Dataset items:
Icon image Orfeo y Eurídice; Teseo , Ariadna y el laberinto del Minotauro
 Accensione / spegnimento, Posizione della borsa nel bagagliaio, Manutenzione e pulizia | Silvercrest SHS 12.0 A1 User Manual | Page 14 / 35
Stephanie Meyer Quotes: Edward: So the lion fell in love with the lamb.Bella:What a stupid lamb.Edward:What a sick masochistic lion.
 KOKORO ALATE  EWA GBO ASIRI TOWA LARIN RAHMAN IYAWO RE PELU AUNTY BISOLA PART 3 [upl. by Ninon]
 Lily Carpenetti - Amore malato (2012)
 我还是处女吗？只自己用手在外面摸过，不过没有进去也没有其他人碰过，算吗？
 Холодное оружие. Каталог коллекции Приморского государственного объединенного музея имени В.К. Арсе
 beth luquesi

**Your goal:** The requested lines run from the one with "Холодное оружие. Каталог" through the last line of the records. Return them exactly.

**Answer section:**
 Холодное оружие. Каталог коллекции Приморского государственного объединенного музея имени В.К. Арсе
 beth luquesi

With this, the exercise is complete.